_Try it:_
Restate word for word the entries below, starting at the line with "CRW3-150 (10).jpg" and ending at the line with "各大医科大学临床排名及录取分数线（三本医科大学排名及分数线）". Keep both end lines and omit the pictures.

_Material for this exercise:_
┄┄┄┄┄┄┄┄┄┄┄┄┄┄┄┄┄┄┄┄
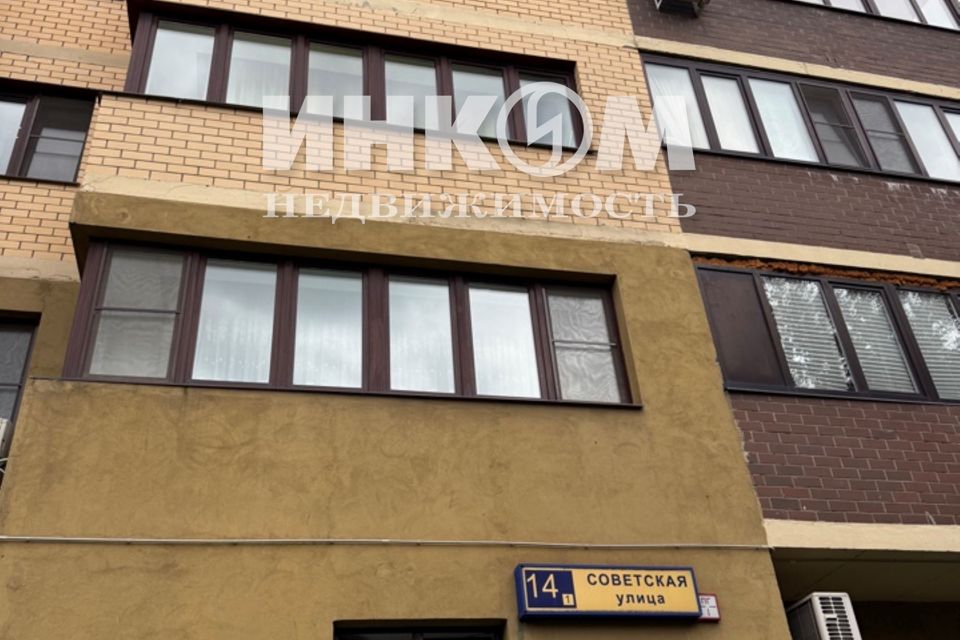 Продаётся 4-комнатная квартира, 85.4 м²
┄┄┄┄┄┄┄┄┄┄┄┄┄┄┄┄┄┄┄┄
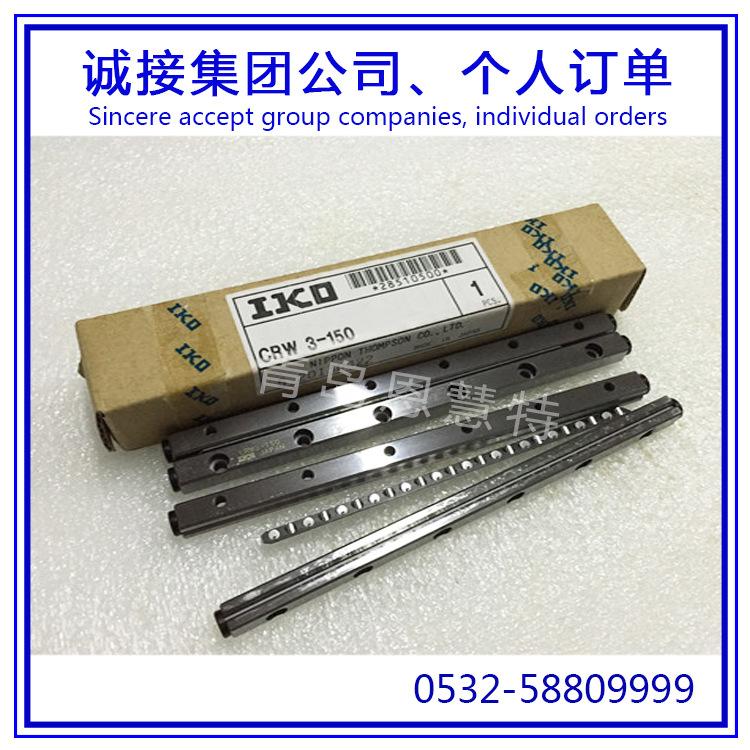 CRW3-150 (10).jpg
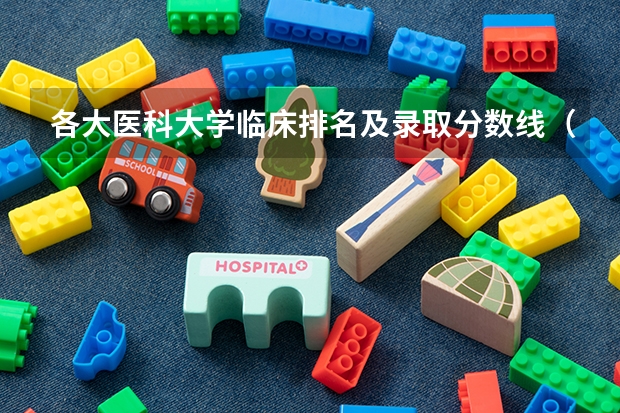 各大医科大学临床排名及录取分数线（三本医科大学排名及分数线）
┄┄┄┄┄┄┄┄┄┄┄┄┄┄┄┄┄┄┄┄
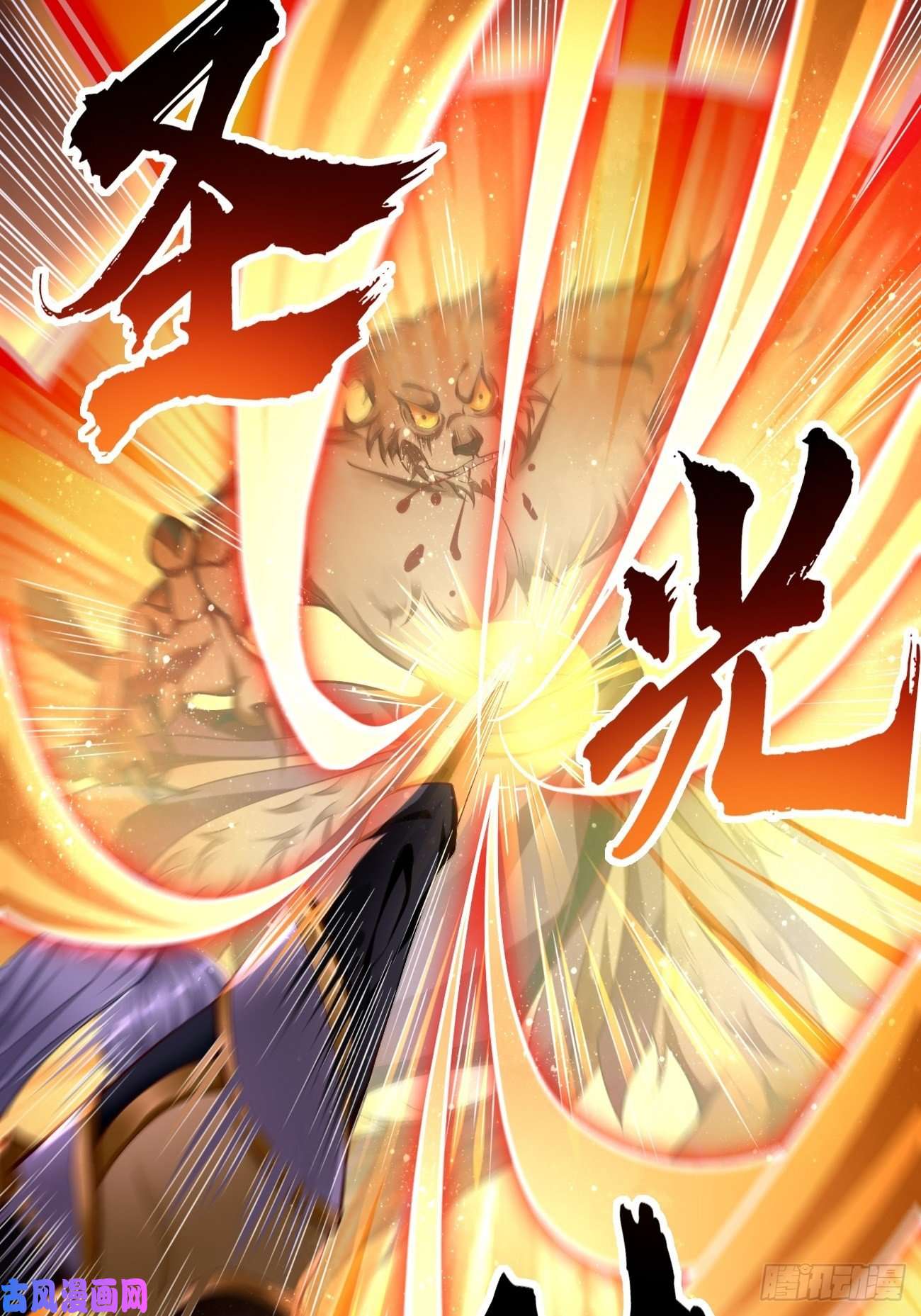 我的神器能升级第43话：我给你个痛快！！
┄┄┄┄┄┄┄┄┄┄┄┄┄┄┄┄┄┄┄┄
_Answer section:_
 CRW3-150 (10).jpg
 各大医科大学临床排名及录取分数线（三本医科大学排名及分数线）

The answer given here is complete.